Milano, lo dicono purtroppo le cronache, non è una città fatta per le biciclette. Ma noi torinesi lo sappiamo bene: quale città è fatta per le biciclette, a parte Ferrara?
Di sicuro non Roma con i suoi colli e sampietrini per tacere degli ingorghi, e non Venezia dagli innumerevoli ponti tra calli, campi e campielli.
Eppure, proprio come Torino, Milano vista da una bicicletta sa svelarsi e mostrare un altro volto rispetto all’immagine che dà di sé di giorno, in cui appare frenetica, sempre di corsa. Per esempio in Porta Romana, imboccando via Crema, lì dove sotto due file ordinate di alberi la sera il traffico si dirada mentre si accendono le luci dei locali, e basta allungare un po’ verso la Bocconi per trovarsi nel verde del parco Ravizza, dove al calare del sole c’è un gran viavai di “runner” con le cuffiette nelle orecchie e di ragazze e ragazzi che vanno e vengono dopo una giornata trascorsa tra scuole e università, parlando tante lingue diverse.
Non ci vuole poi molto da lì ai giardini di piazza Vetra, altro piccolo polmone verde a poca distanza dalle Colonne e dunque dall’Ostello Bello, dove ci si dà appuntamento per una birretta e due chiacchiere tra amici.
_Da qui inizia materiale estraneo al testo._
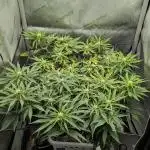 Sour Jealousy in an Autopot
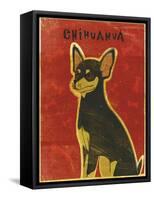 Chihuahua (black and tan)-John W Golden-Framed Stretched Canvas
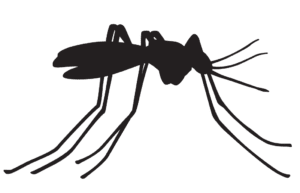 silhueta de mosquito para imprimir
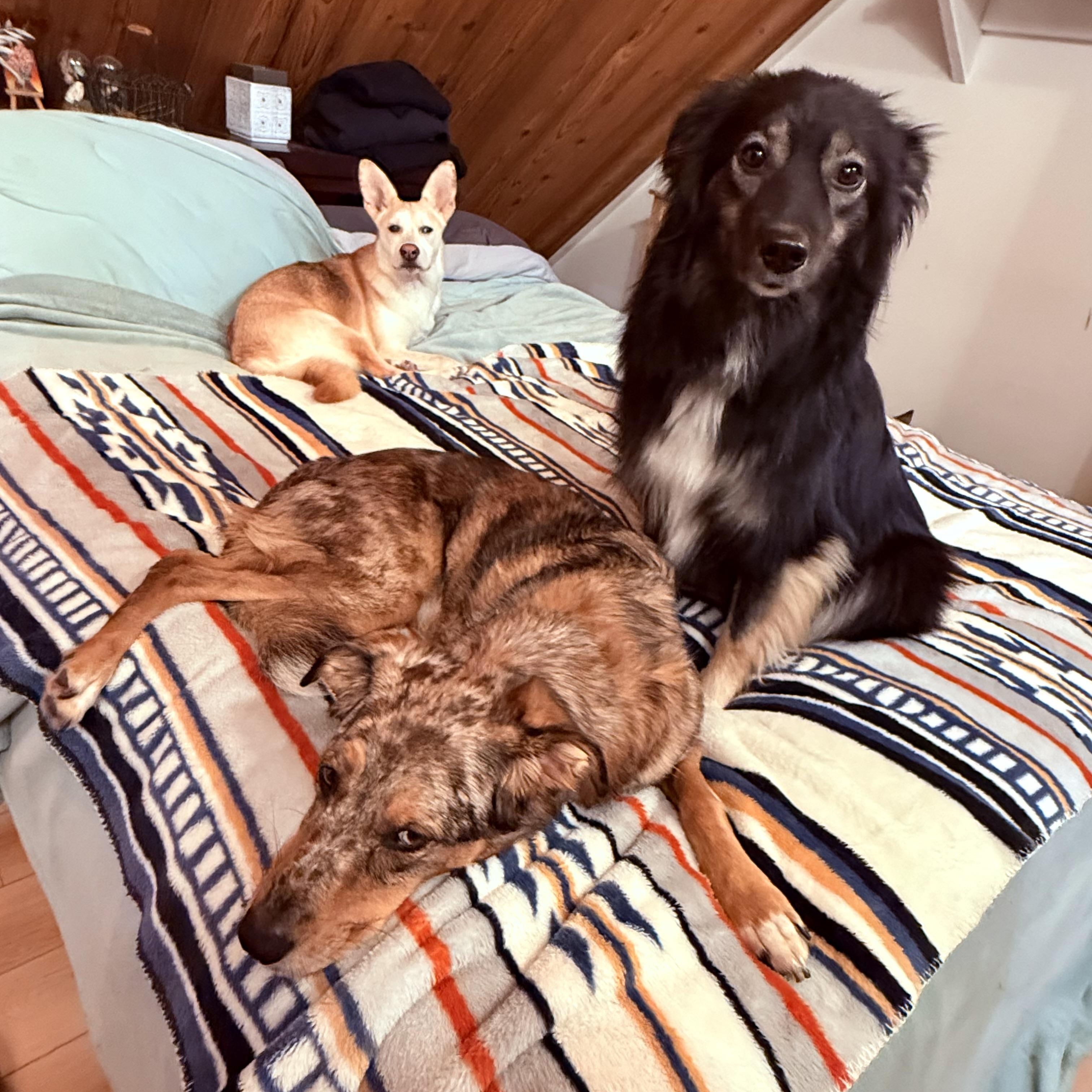 Olivia, a ADOPTABLE mixed breed in Otis, OR image 5/6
Certo è sparita la Milano che era già frenetica e sempre di corsa ai tempi di Luciano Bianciardi: a cominciare dalla sua Brera, che non ospita più artisti e letterati un po’ male in arnese, ma nuovi ricchi e parvenu. In bicicletta si va sulla pavimentazione in pietra, dando un’occhiata ai soffitti di case già popolari ora ristrutturate da fior di architetti. Quante vite sono passate in quelle stanze illuminate, quante voci hanno ascoltato quelle pareti.